Observe that you do not need to develop any proof, but just explain briefly what task would you do.

10. Let X₁ and X₂ be two decision problems.  Suppose it is known that X₁ is NP-COMPLETE. Suppose further that there exists an exponential reduction of problem X₁ into problem X₂, that is, there exists a function f: X₁ → X₂, whose implementation runs in exponential time, such that for any given instance x₁ of X₁ the answer to x₁ is "Yes" for problem X₁ if and only if the answer to f (x₁) is "Yes" for problem X₂. What can be said about the computation complexity of the problem X₂. Is X₂ NP-HARD? Explain in one or two paragraphs.

EXERCISE 4-       

11. Explain the phase transition phenomenon observed in 3-SAT.

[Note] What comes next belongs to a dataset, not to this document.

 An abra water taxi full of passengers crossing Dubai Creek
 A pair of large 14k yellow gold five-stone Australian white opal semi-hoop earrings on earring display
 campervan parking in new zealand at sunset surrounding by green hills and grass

You're expected to submit between 400 and 500 words (excluding references).

Think of it, as if you were hired to write a textbook for Computer Science undergraduates who are taking Computing Theory.

Besides providing enough technical information, your text needs to be enjoyable to read (or else the book will    not sell well!). Make sure you use multiple paragraphs, correct English grammar and spelling, and language of appropriate formality with an adequate flow.

You must not copy and paste a single sentence from the web (this includes Wikipedia).  Note that copied sentences are trivial to identify, so you should re-phrase in your own words whatever you read. You should also reference the material you used for your research.

Finally, we strongly recommend you proof-read your text, reflect on whether the reader (e.g., a fellow student) would be satisfied with what you wrote and revise accordingly.